Romulus, après avoir pris l’avis du Sénat, envoya des ambassadeurs à ces peuples voisins pour qu’ils lui donnent le moyen d’assurer une postérité à son peuple. Devant le refus persistant de laisser se marier leurs filles avec des Romains, il décida, avec l’approbation de son grand-père, Numitor, roi d’Albe, d’un enlèvement des femmes nécessaires à la survie de ses sujets. Pour arriver à ses fins, Romulus décida de donner une fête en l’honneur de Neptune et d’y inviter les peuples voisins. Ces fêtes, plus tard, prirent le nom  de « Consualia », en l’honneur du dieu Consus qui en fait est Neptune. Plutarque comme les deux autres historiens anciens déjà nommés, précise qu’elles eurent lieu près du ou au Cirque Maximus, là où un autel souterrain dédié au dieu Consus fut mis à jour. Donc, selon Plutarque, les Romains firent dire qu’ils avaient trouvé enfoui dans la terre un autel consacré à ce dieu :
« Il fit d’abord répandre le bruit qu’il avait découvert sous terre l’autel d’un dieu nommé Consus, c’était le dieu du conseil : car les Romains donnent le nom de conseil à leurs assemblées publiques ; et à leurs premiers magistrats celui de consuls, ou conseillers. D’autres veulent que ce dieu soit Neptune Équestre. Cet autel, placé dans le grand cirque, reste toujours couvert, excepté dans les temps des jeux où l’on fait des courses de chevaux. » Plutarque, 14.

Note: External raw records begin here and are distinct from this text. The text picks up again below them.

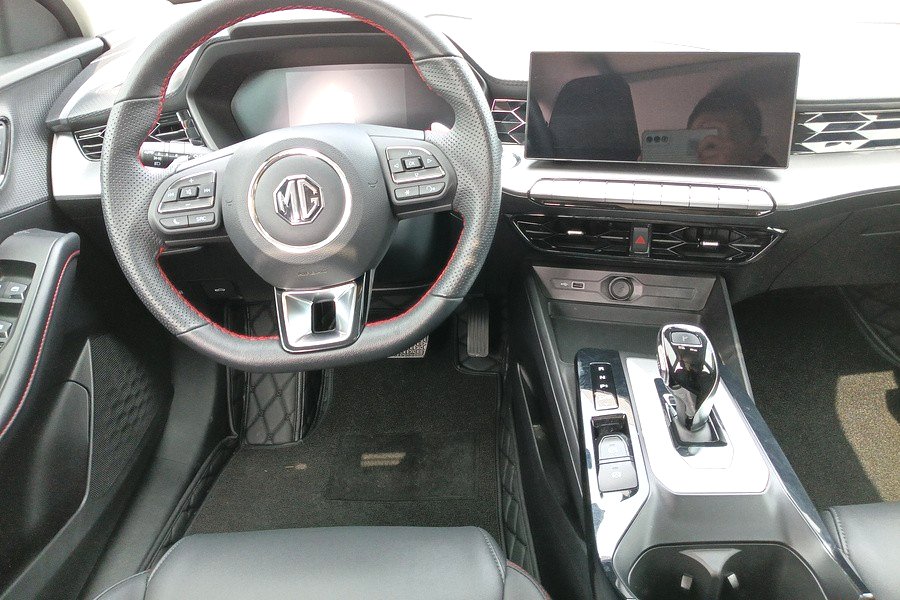 MG 2021款 MG5 1.5TGI 300TGI 青奢豪享版(改款) 自动挡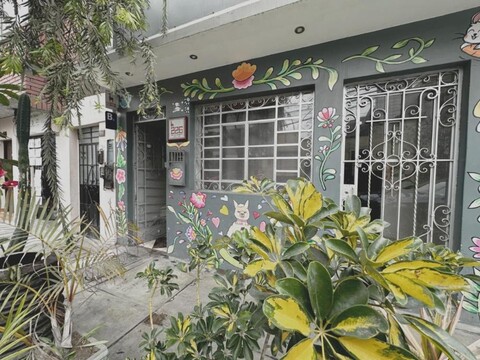 Llama Llama - Hostel & Coworking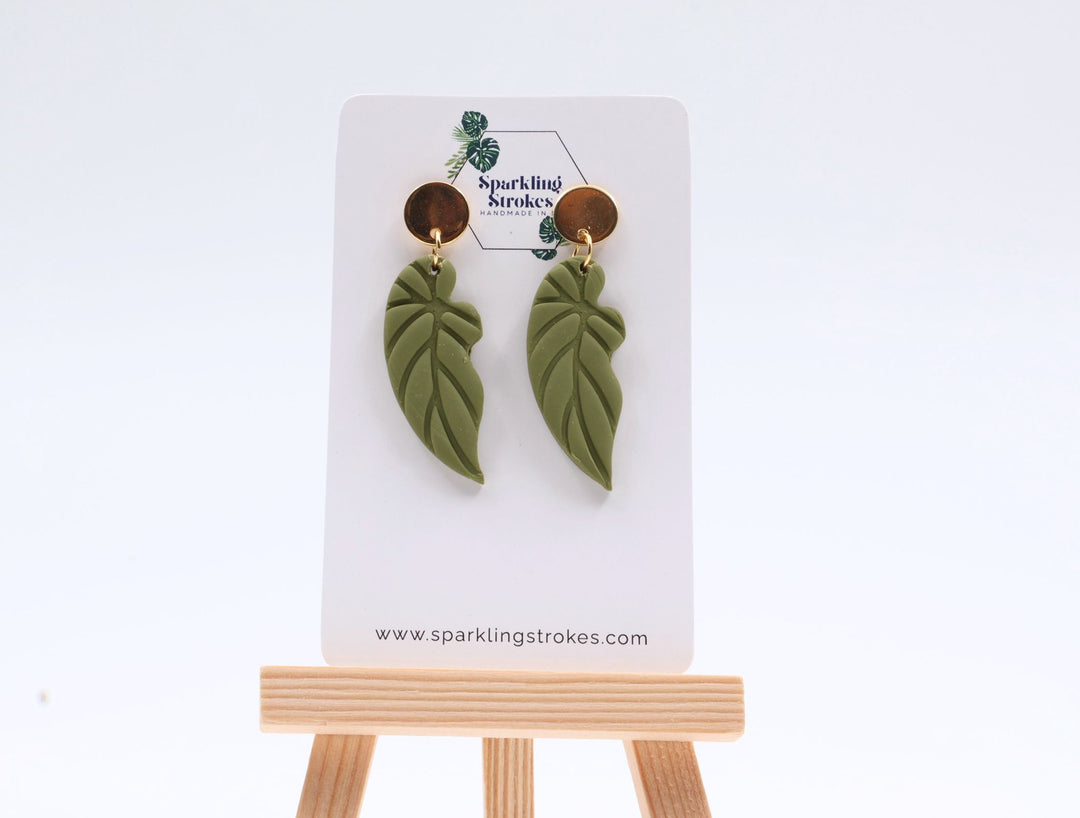 Leaf-Shaped Dangle Earrings – Elegant Nature-Inspired Design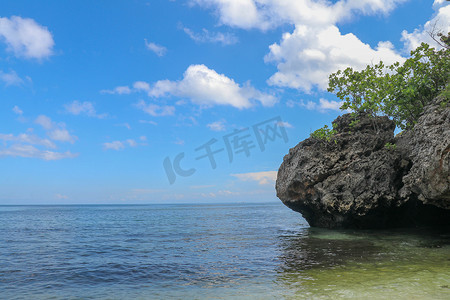 印度尼西亚巴厘岛不可能的海滩，自然度假背景。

Ces fêtes se terminant, au dernier jour, les femmes présentes furent enlevées et les vierges mariées avec des Romains. D’après Denys d’Halicarnasse, elles étaient au nombre de 683 tandis que Plutarque n’en dénombre que 30.
Le jour suivant, quand les vierges furent amenées devant Romulus, il apaisa leur désespoir en les assurant qu’elles avaient été saisies, non pour être violées mais pour se marier; il précisa que c'était une coutume grecque ancienne et que c’était pour des femmes la plus illustre de toutes les façons de contracter mariage, et il leur demanda d'aimer ceux que la fortune leur avait donnés pour maris. Denys d’Halicarnasse, II, 30, 5.

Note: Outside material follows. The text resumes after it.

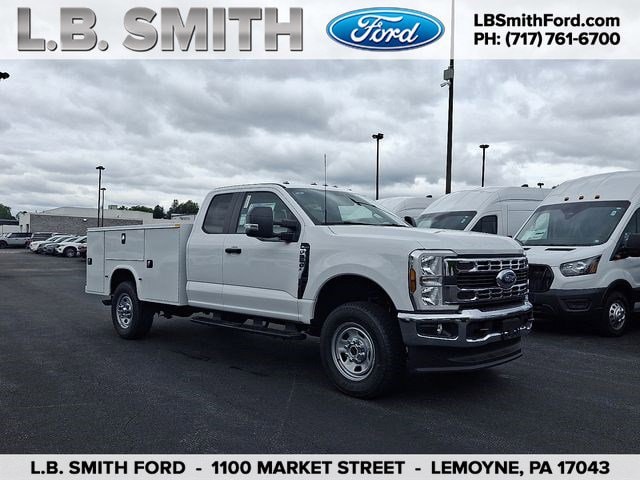 2026 Ford F-350 XL 4x4 SuperCab 168-In SRW's photo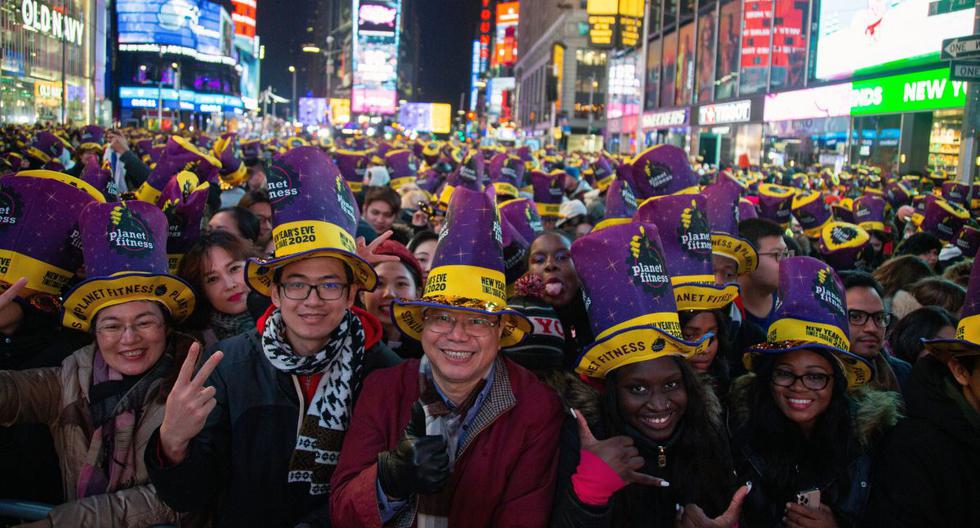 Las personas se reúnen durante las celebraciones de Nochevieja en Time Square, Nueva York. (EFE)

---- Rubens-1640- « Enlèvement des Sabines », National Gallery, Londres.

Toujours d’après Plutarque, cet enlèvement se fit un 18 Aout ou le 18 de Sextilis. Tite Live précise qu’une partie des plus belles fut réservée pour les sénateurs. D’après l’historien ancien Fabius Pictor, l’enlèvement des Sabines eut lieu 4 mois après la fondation de Rome. Les historiens anciens ont soutenu la thèse que cet enlèvement avait eu lieu pour montrer au voisinage la puissance de la nouvelle ville. Ils ont dit tous que ce fut le prétexte pour provoquer une guerre contre les cités du Latium, en particulier contre les Sabins qui étaient le peuple le plus dangereux pour les Romains. Les Sabins mirent du temps à entrer en guerre, ils le firent alors que les autres villes du Latium avaient été vaincues On peut citer les Céniriens dont le roi Acron, qui se mit à la tête d’une nombreuse armée, et qui fut tué par Romulus en combat singulier, il déposa les armes de son adversaire malheureux au Capitole, en invoquant Jupiter à qui il consacra un temple et en lui dédiant ces armes, il créa le rire des dépouilles opimes, concevant ainsi une coutume religieuse. Il fit tout cela revêtu d’un manteau rouge, ce fut la première cérémonie d’un triomphe.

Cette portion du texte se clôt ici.